Friday, September 11, 2015

September 12th: We Knew Everything Would Be All Right

No, today is not September 12th, it is September 11th, the day our country was attacked fourteen years ago. My son in seventh grade was not yet born. I remember the day vividly, watching the news wondering how on earth a pilot could have flown a plane into the World Trade Center, brushing my teeth and getting ready for work, when we (my husband and I) watched the second plane hit, and we knew. We knew our country was under attack.

I went to work at the college and everyone was in a fog. Classes were canceled, but staff stayed because students stayed. We were glued to the televisions in the library. Firemen from next door came over to watch the televisions, and they wept when the towers came down and buried their comrades in New York. We all wept together.

The skies remained eerily silent for a few days as all planes were grounded. We wondered when the next strike would hit. We were scared and vulnerable, but the American spirit stood strong, and in the days that followed in Kennett, Missouri, a group of first graders wrote a storybook about that day and what came after.
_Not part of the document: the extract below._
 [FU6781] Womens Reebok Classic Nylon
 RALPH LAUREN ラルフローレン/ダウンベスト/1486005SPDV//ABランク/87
September 12: We Knew Everything Would Be All Right is the book they wrote and illustrated. It was published in 2002, so they got it published very quickly. It is now out of print, but you can find it on Amazon for $34.00 in paperback. Hardback copies are a lot more. I was lucky to find one at a book fair the spring after the attacks, so I only paid $3.99.

Youtube video of Michele Keltner, principal at DeSoto Trail Elementary School, reading September 12th. 
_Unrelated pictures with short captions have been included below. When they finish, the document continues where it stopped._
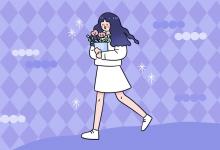 中考快訊:2021下半年合肥中小學(xué)開學(xué)時(shí)間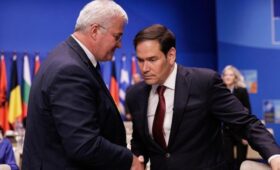 Украина и США проведут новые переговоры: Сибига раскрыл детали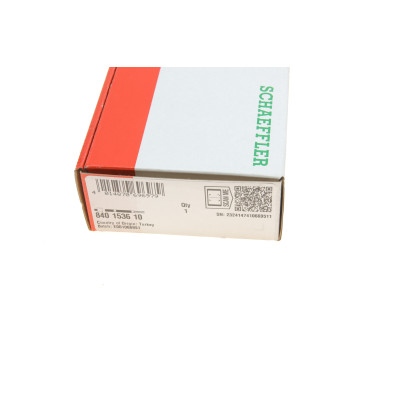 Тяга рульова BMW X5 (F15/F85)/ X6 (F16/F86) 13-19 B47/N20/N47/N55/N57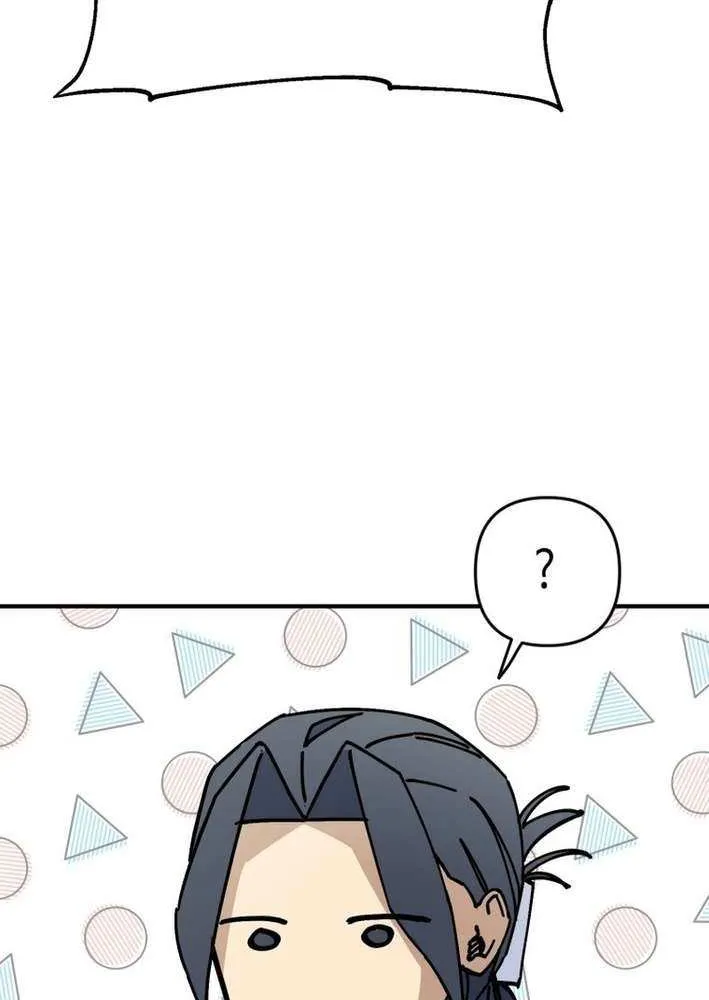 Read Kindergarten Superpower Diaries chapter 3 image 55 on Lezhin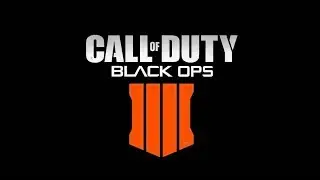 Black ops 4 BETA! | Austria (GER)
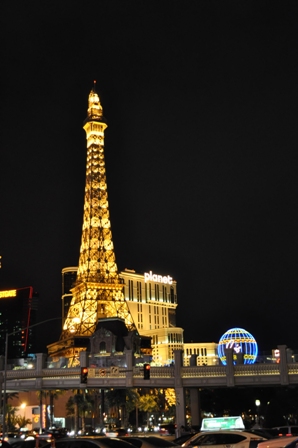 �x�K�X�Q�Q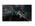 Dead Space 3 PC Game - image 3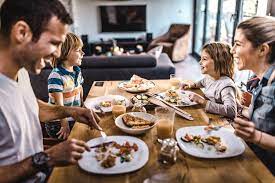 We did not find results for: Top 10 Restaurants Offering Family Meals Atlanta Parent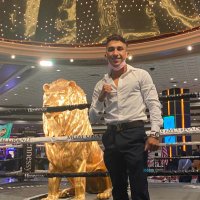 Charlie Garcia (@charcharcrypto) 's Twitter Profile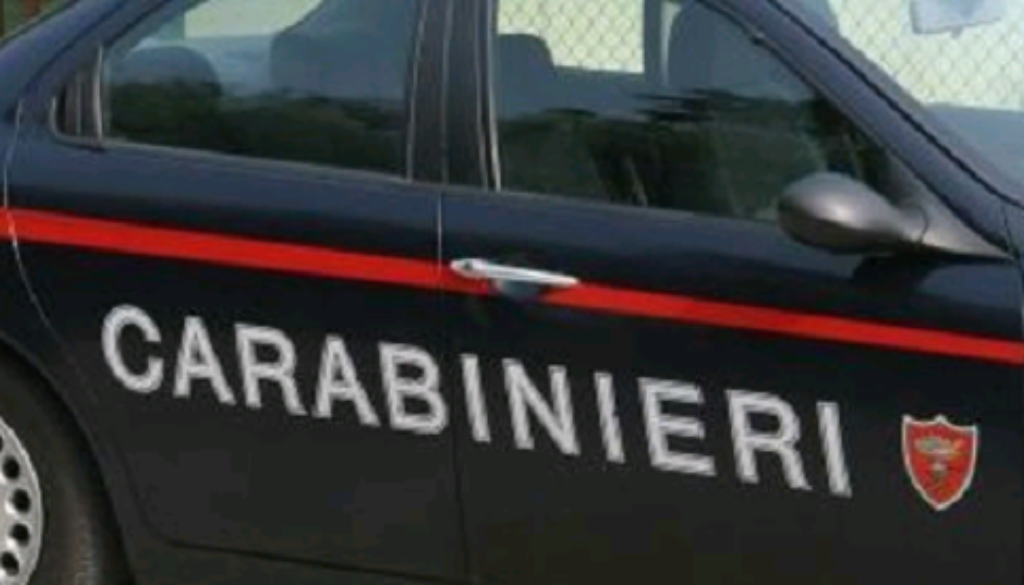 denunciati 4 bengalesi per estorsione su viale della Serenissima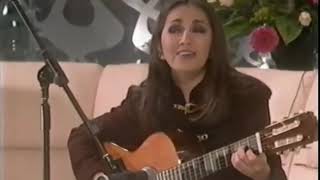 Ana Gabriel - Flores negras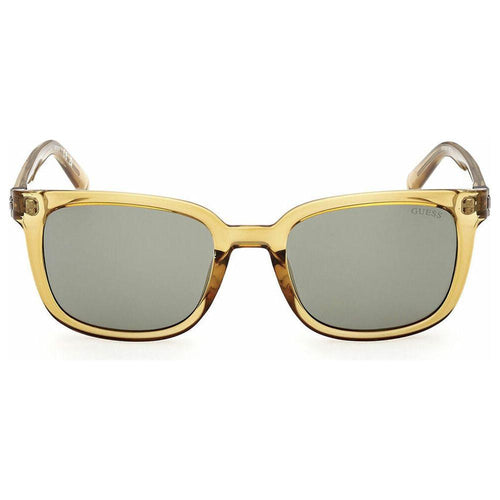 Load image into Gallery viewer, Ladies&#39; Sunglasses Guess N Ø 53 mm-0
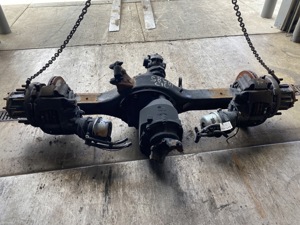 317-10285.853607.jpg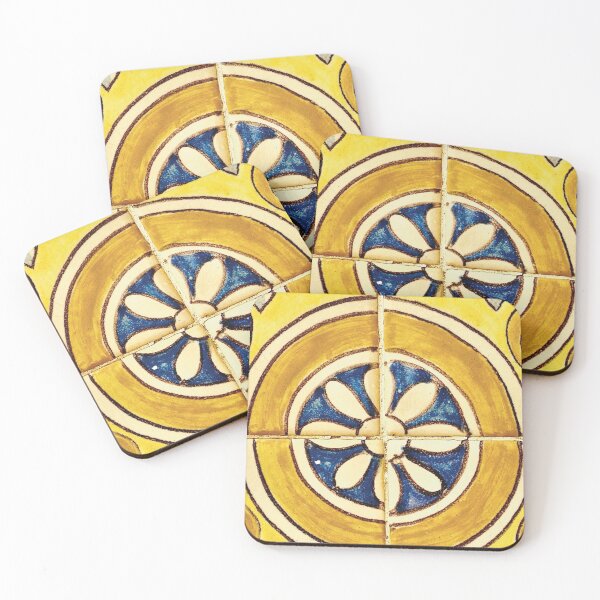 Item preview, Title , description and tags for this redbubble product design  designed and sold by Tropical Blood.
This little book is quite profound as these little first graders try to make sense of the senseless. They had a teacher who helped them sort it all out and be able to more forward. Although bad things happen, the sun does come out again, and the world keeps on turning.

A New Addition to Our Family

Last year on September 11th, our family received a brand new baby granddaughter, so now September 11th has happy thoughts associated with it. We will always remember where we were fourteen years ago when we realized just how vulnerable we are, but now we will also remember the first cries of our sweet Aria.
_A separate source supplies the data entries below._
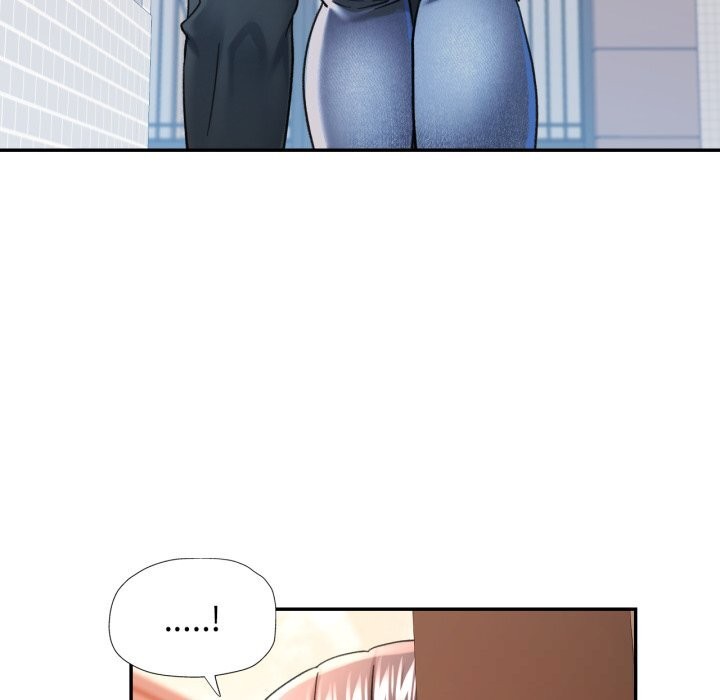 可以爱你吗 - 第67話 - page 48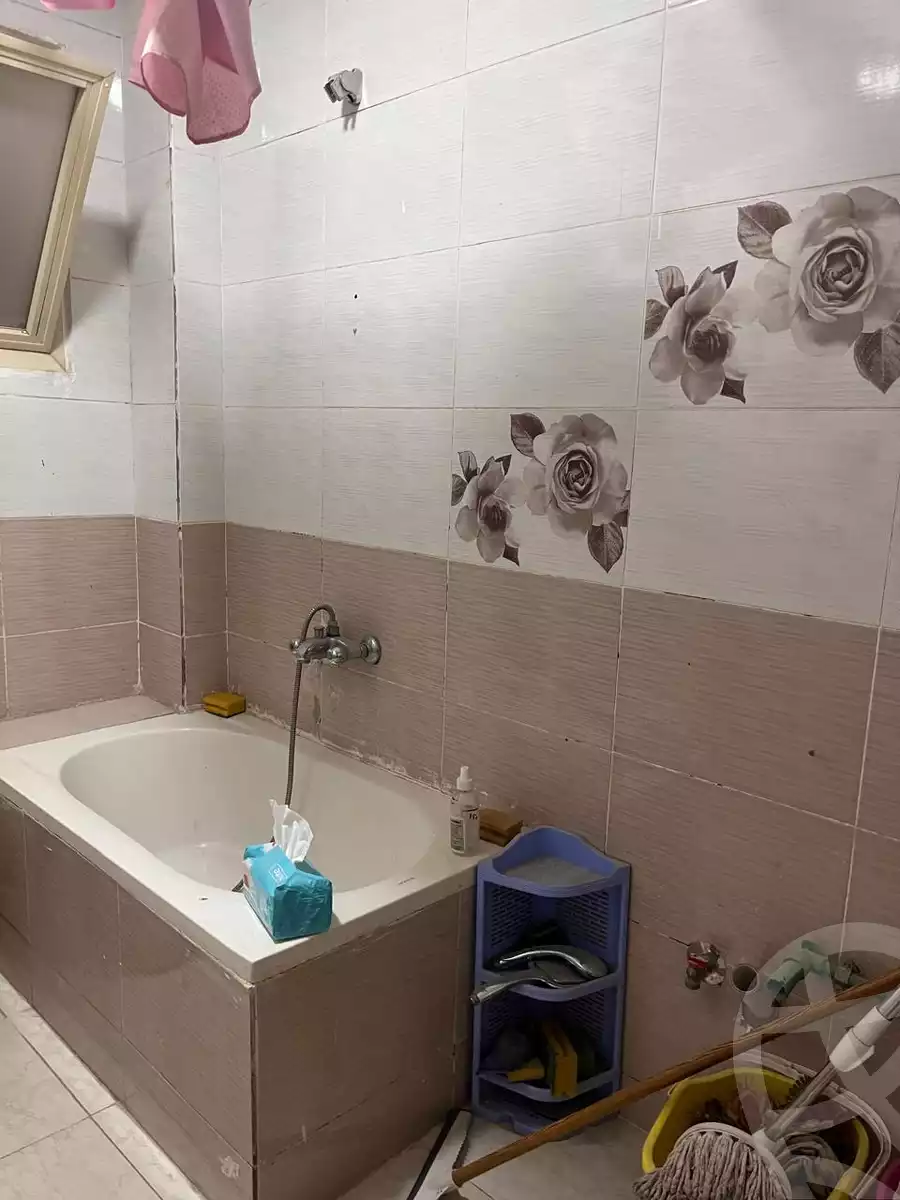 https://aqarmap.com.eg/en/listing/5796598-for-sale-cairo-el-maadi-zahraa-el-maadi-el-merag-el-sofli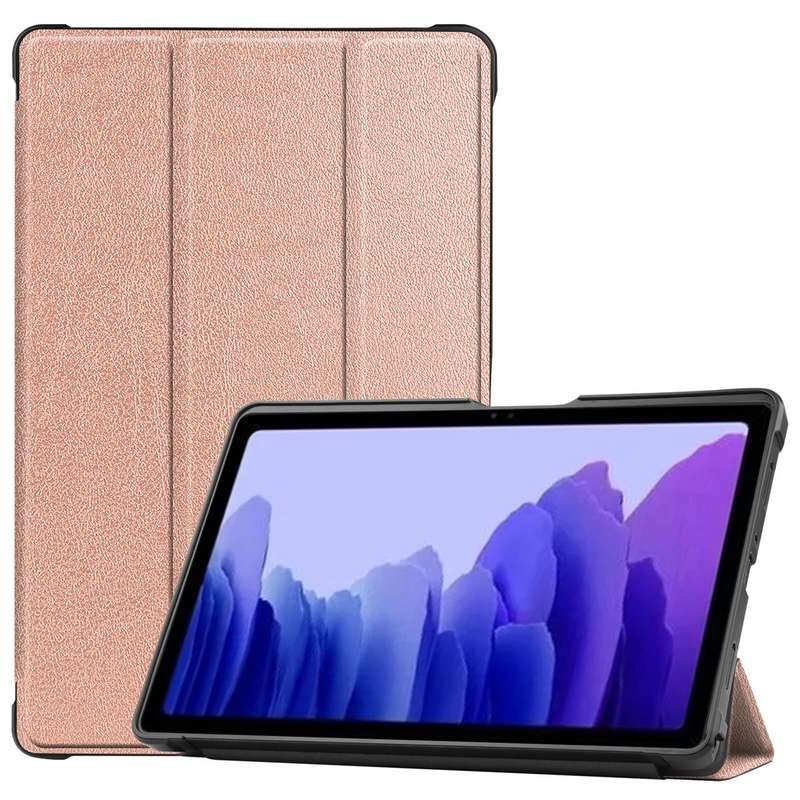 CellTime O'Slim Design Cover for Galaxy Tab A7 10.4 inch (2020) (T505)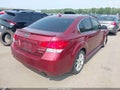 Photo 4 of 16 — 2013 Subaru Legacy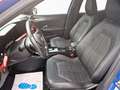 Opel Mokka GS 131 PS AT8 Blau - thumbnail 9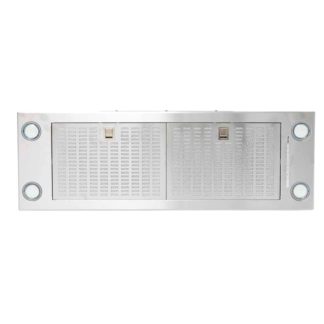 Вытяжка Miele DA 2390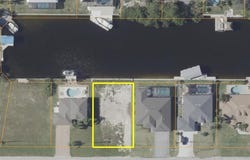 1216 NW 36th Avenue, Cape Coral, FL 33993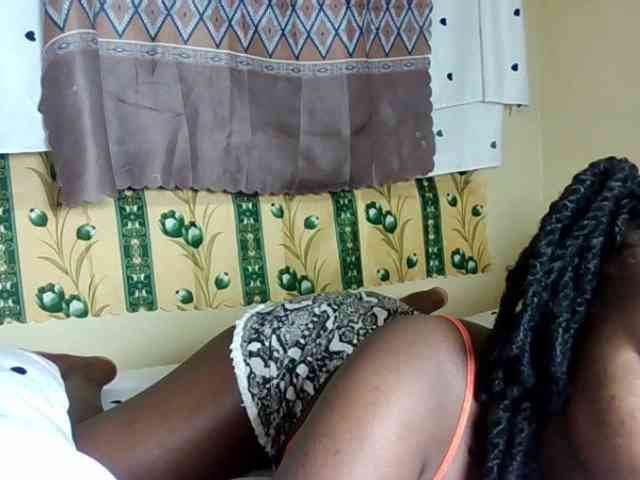 Horny-nasty-bitch Horny-nasty-bitch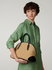 Image de TOP HANDLE BAG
What do you remember about the attacks, and how did you find a way to stay positive in the aftermath?

1 comment:

  1. I was on my way to class when my history teacher pulled me into his class room and locked the door. The principal had banned any teachers from allowing us to see what was happening. She didn't want us "traumatized". But he told us this was our Pearl Harbor and if we wanted to leave we could but he wanted us to witness what was going on and have a place to discuss what we were feeling.

    And then Aria like always brought a ray of light to that dark day. I need to get that book!